Palace Papers
"Für Harry,
auf ewig"
Tina Brown könnte ein beliebiges Telefonbuch kommentieren, und es wäre sehr wahrscheinlich, dass sie aus vielen Namen und Adressen eine derart interessante Geschichte stilsicher komponiert und damit ein Telefonbuch zu einem Bestseller macht.
Man muss sich nicht zwangsläufig für all die Vorgänge im britischen Königshaus interessieren, um Spaß an diesen "Palace Papers" zu haben. Ich bin auch keine Royal-Anhängerin und schon gar keine Royalistin, sondern lese sehr gerne Biografien.
Das Buch umfasst insgesamt 733 Seiten, der Epilog endet auf Seite 673. Wie aktuell das Buch ist, sieht man auch daran, dass Corona keineswegs unerwähnt bleibt. Wegen aktueller Ereignisse, die im Buch nicht fehlen durften, hat sich die Veröffentlichung ein wenig verzögert.
Tina Brown hat zwei Jahre benötigt, um aus vielen Recherchen
(u. a. Gespräche mit 120 Menschen, die jeweils ihre eigenen Insider-Kenntnisse übers Königshaus eingebracht haben)
das Buch fertigzustellen.
Darüber hinaus ist es juristisch auf Herz und Nieren geprüft, und man darf davon ausgehen, dass sowohl Spekulationen, phantasievolle Unwahrheiten und Ausflüge in die Märchenwelt fehlen. Schließlich möchten sich weder die Autorin noch der Verlag in unbequeme Nesseln setzen und mit brennenden Hintern aus diesem Projekt hervorgehen.

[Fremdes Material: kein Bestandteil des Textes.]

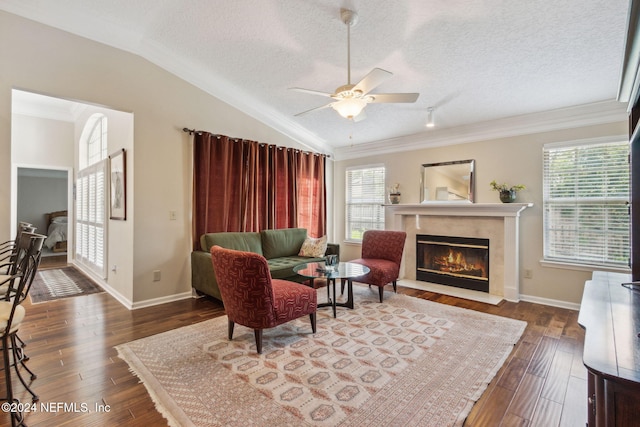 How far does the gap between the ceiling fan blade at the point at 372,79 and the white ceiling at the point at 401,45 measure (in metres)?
0.79

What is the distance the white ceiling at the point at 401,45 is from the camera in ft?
8.53

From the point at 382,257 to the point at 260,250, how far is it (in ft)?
6.28

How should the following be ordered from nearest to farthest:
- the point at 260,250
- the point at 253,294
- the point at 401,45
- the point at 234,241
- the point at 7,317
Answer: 1. the point at 7,317
2. the point at 253,294
3. the point at 401,45
4. the point at 234,241
5. the point at 260,250

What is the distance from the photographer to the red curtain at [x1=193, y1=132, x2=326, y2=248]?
4.27 m

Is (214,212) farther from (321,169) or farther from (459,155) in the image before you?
(459,155)

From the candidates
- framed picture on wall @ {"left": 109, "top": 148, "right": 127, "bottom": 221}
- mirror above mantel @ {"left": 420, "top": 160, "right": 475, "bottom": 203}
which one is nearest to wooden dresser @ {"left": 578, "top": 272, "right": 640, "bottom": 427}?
mirror above mantel @ {"left": 420, "top": 160, "right": 475, "bottom": 203}

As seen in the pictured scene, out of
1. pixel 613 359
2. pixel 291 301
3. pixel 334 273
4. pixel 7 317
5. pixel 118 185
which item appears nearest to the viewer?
pixel 613 359

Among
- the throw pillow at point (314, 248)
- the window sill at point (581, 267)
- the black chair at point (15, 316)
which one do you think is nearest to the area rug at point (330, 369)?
the black chair at point (15, 316)

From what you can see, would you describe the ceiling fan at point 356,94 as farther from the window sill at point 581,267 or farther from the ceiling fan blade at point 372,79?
the window sill at point 581,267

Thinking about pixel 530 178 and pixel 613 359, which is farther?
pixel 530 178

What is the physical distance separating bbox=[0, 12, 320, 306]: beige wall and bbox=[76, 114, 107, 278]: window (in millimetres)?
705

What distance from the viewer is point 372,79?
2.37 m

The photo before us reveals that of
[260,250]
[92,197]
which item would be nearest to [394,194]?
[260,250]

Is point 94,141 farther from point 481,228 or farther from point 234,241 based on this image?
point 481,228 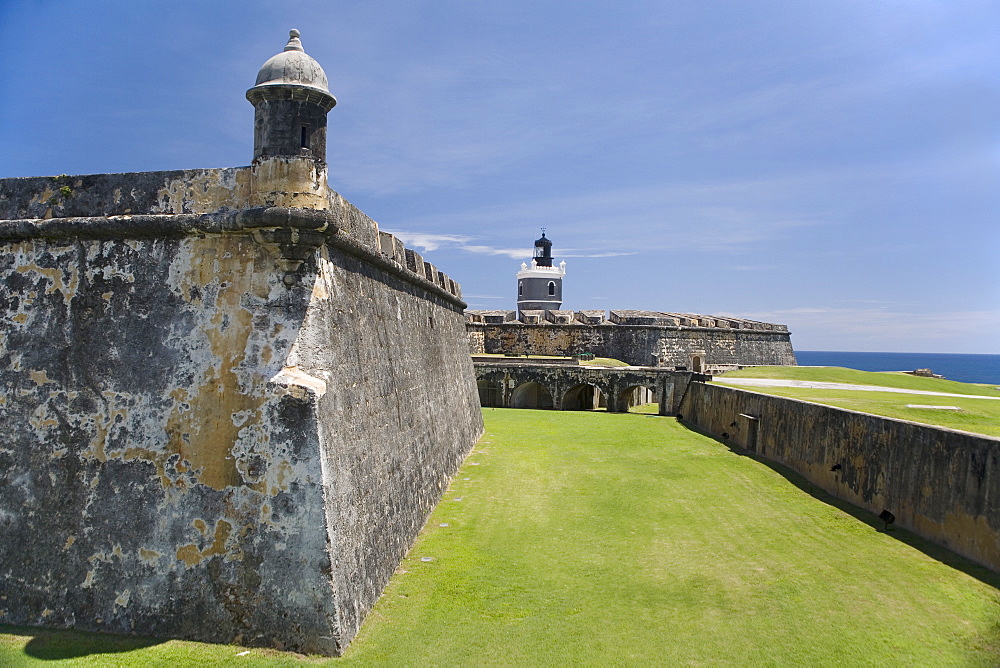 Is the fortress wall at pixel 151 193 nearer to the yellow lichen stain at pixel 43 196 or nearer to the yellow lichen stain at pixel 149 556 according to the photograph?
the yellow lichen stain at pixel 43 196

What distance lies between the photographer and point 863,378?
72.7ft

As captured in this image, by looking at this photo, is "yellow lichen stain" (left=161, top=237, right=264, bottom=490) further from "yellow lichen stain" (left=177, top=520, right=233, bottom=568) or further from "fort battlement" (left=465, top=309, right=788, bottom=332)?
"fort battlement" (left=465, top=309, right=788, bottom=332)

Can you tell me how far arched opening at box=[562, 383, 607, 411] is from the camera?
2522 centimetres

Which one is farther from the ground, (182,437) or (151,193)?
(151,193)

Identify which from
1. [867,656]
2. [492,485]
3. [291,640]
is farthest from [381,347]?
[867,656]

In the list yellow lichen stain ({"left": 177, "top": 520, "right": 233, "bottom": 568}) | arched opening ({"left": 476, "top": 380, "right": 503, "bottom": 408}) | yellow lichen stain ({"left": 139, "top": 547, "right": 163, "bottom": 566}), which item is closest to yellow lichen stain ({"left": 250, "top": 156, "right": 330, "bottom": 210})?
yellow lichen stain ({"left": 177, "top": 520, "right": 233, "bottom": 568})

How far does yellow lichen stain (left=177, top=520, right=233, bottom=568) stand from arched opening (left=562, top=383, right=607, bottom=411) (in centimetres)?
2039

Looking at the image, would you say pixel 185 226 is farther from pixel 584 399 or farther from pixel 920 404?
pixel 584 399

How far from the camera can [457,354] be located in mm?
13773

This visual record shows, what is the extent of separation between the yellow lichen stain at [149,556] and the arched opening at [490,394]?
1833 centimetres

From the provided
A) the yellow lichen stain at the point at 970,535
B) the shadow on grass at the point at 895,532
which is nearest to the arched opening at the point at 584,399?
the shadow on grass at the point at 895,532

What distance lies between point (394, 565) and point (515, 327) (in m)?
22.9

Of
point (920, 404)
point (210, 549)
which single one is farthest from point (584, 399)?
A: point (210, 549)

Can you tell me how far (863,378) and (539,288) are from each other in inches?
803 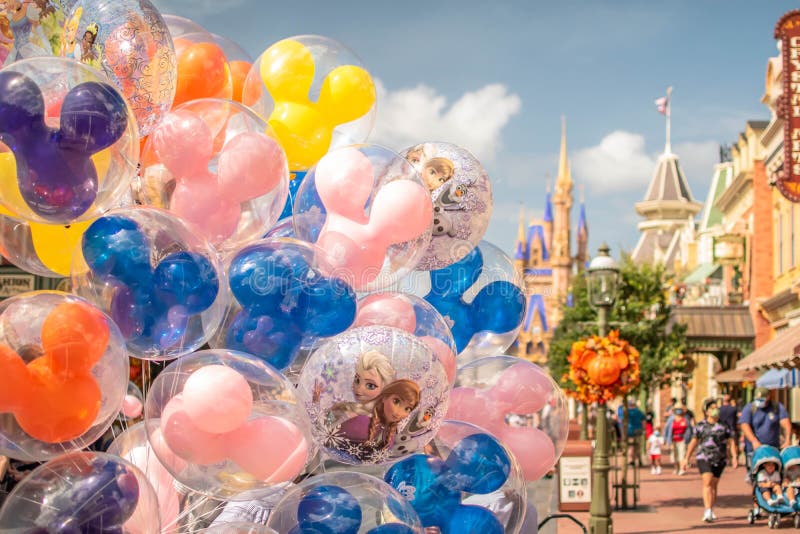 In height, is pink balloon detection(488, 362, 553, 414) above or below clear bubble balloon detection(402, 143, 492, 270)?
below

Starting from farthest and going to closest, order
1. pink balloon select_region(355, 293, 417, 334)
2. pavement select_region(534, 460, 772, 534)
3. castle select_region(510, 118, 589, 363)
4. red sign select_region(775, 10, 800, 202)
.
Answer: castle select_region(510, 118, 589, 363) → red sign select_region(775, 10, 800, 202) → pavement select_region(534, 460, 772, 534) → pink balloon select_region(355, 293, 417, 334)

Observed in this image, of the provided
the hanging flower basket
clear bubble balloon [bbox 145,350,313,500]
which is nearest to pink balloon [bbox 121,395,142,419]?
clear bubble balloon [bbox 145,350,313,500]

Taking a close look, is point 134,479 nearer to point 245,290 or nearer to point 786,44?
point 245,290

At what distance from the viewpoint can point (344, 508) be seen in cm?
434

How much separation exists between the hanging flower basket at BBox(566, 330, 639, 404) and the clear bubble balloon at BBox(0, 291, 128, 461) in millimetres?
11201

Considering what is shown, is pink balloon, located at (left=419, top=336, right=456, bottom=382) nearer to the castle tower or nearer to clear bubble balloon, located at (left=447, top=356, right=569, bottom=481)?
clear bubble balloon, located at (left=447, top=356, right=569, bottom=481)

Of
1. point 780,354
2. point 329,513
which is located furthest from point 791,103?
point 329,513

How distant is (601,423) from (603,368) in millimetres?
1365

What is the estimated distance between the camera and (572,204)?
126m

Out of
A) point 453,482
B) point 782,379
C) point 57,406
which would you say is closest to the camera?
point 57,406

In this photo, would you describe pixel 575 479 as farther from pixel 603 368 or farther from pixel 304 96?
pixel 304 96

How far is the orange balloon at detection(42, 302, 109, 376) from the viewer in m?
4.05

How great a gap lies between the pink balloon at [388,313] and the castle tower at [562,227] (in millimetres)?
110248

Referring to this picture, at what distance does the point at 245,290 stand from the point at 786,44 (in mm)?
17960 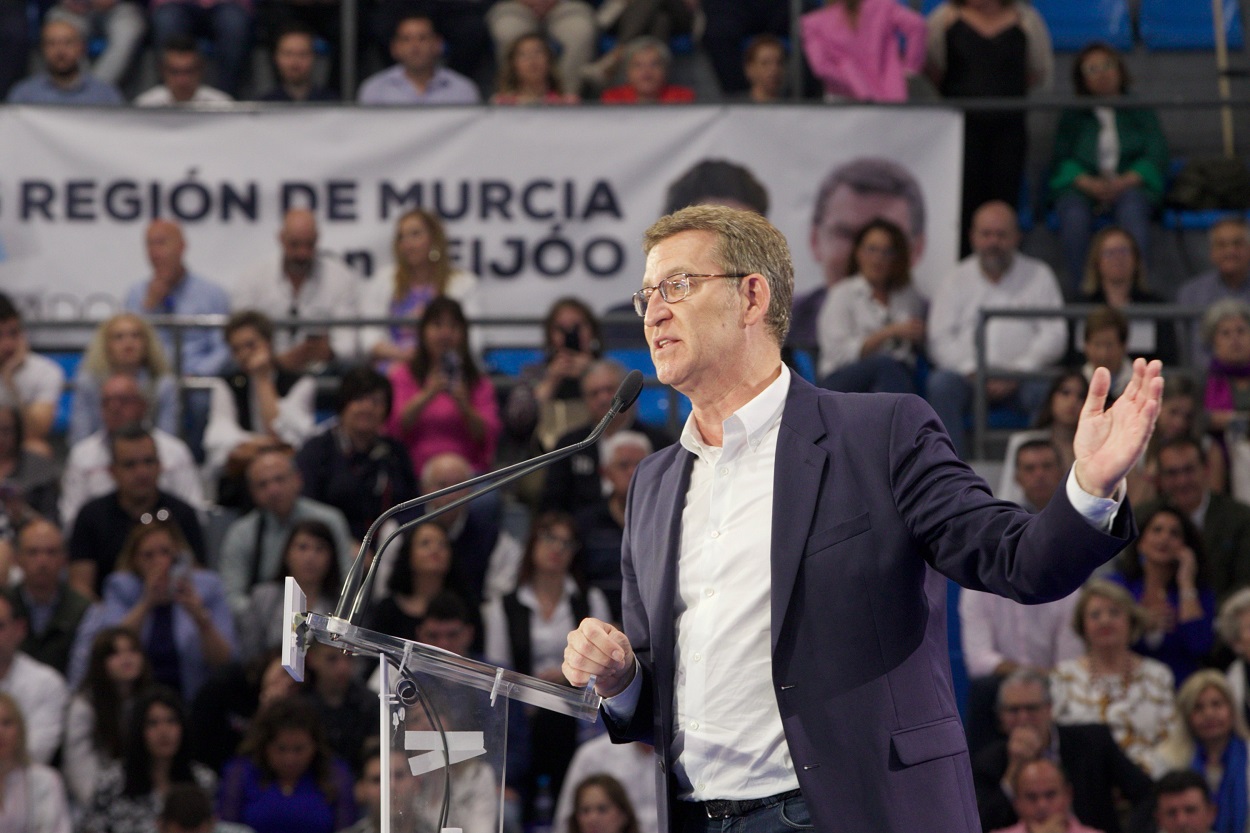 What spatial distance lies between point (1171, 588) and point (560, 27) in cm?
444

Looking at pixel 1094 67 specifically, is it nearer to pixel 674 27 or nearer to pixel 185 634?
pixel 674 27

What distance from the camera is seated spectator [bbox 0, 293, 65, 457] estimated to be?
7.89 meters

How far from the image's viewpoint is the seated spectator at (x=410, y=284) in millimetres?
8398

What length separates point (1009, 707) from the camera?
257 inches

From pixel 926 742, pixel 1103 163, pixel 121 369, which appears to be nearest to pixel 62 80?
pixel 121 369

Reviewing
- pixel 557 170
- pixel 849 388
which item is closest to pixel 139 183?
pixel 557 170

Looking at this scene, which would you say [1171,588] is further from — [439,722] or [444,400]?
[439,722]

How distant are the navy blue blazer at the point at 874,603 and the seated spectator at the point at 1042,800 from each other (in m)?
3.60

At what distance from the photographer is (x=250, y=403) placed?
26.1 ft

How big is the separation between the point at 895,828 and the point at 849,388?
5003 mm

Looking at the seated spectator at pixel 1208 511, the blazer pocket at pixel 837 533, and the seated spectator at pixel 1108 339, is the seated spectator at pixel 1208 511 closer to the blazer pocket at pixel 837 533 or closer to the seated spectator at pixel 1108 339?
the seated spectator at pixel 1108 339

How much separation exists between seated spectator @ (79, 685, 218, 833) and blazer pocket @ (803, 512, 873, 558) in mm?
4071

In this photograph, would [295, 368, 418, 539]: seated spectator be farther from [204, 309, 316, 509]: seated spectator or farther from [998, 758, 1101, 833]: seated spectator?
[998, 758, 1101, 833]: seated spectator

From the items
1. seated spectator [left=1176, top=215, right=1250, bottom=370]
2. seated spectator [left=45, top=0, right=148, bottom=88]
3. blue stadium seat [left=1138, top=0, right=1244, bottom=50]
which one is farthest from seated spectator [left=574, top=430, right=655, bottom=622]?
blue stadium seat [left=1138, top=0, right=1244, bottom=50]
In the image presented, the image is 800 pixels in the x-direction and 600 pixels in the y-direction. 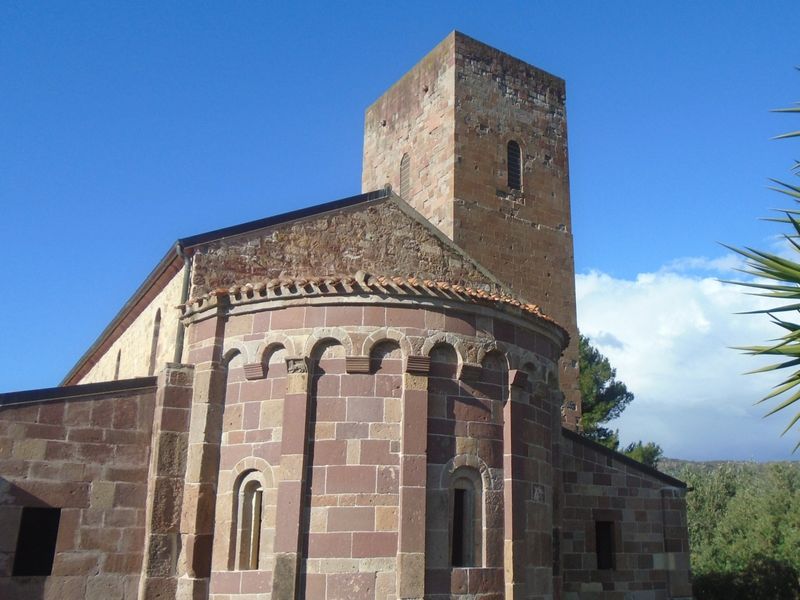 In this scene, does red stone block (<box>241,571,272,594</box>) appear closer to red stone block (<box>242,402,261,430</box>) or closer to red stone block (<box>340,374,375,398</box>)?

Die Widmung "Für Harry, auf ewig" gilt natürlich nicht Prinz Harry, sondern ihrem Ehemann Sir Harold Evans. Ihn erwähnt sie in ihrer - absolut ebenfalls lesenswerten Danksagung, die ab Seite 675 beginnt. Mehr beiläufig, aber wohl mit tiefem Schmerz erzählt sie darin, dass ihr Mann während dieser zwei Jahre währenden Arbeit verstorben ist.
Der Inhalt
erinnert an einen schönen langen Spaziergang durch eine Welt, die die meisten von uns überhaupt nicht kennen - und spätestens nach der Lektüre dieses Buches wohl auch nicht kennenlernen möchten. Es gibt keine wirklich Freiheit hinter den Palastmauern, es gibt keine spontan möglichen Entscheidungen, die uns allen doch so sehr am Herzen liegen. Ich möchte das Leben dort ein wenig mit der Corona-Pandemie und all ihren nötigen Freiheitsbeschränkungen vergleichen - nur dass all die Regeln für die Top-Royals auf Lebenszeit andauern.
Tinas biografische Berichte beginnen mit dem Tod Dianas und enden mit den neuesten Schandtaten der Sussexes (Harry und Meghan). Zwar kennen viele diese Ereignisse aus den Medien, denn man kam nicht darum herum, irgendetwas davon aufzuschnappen, ob man wollte oder nicht. Aber Tina Brown schreibt nicht sensationslüstern, sondern sachlich anstatt dumm-emotional, ausgefeilt in der Sprache, faktenorientiert und lässt auch die guten Seiten manch Schwarzer Schafe nicht außer Acht - und hebt alle Ereignisse auf eine intelligente Stufe, die so manchen Medien abhanden gekommen ist.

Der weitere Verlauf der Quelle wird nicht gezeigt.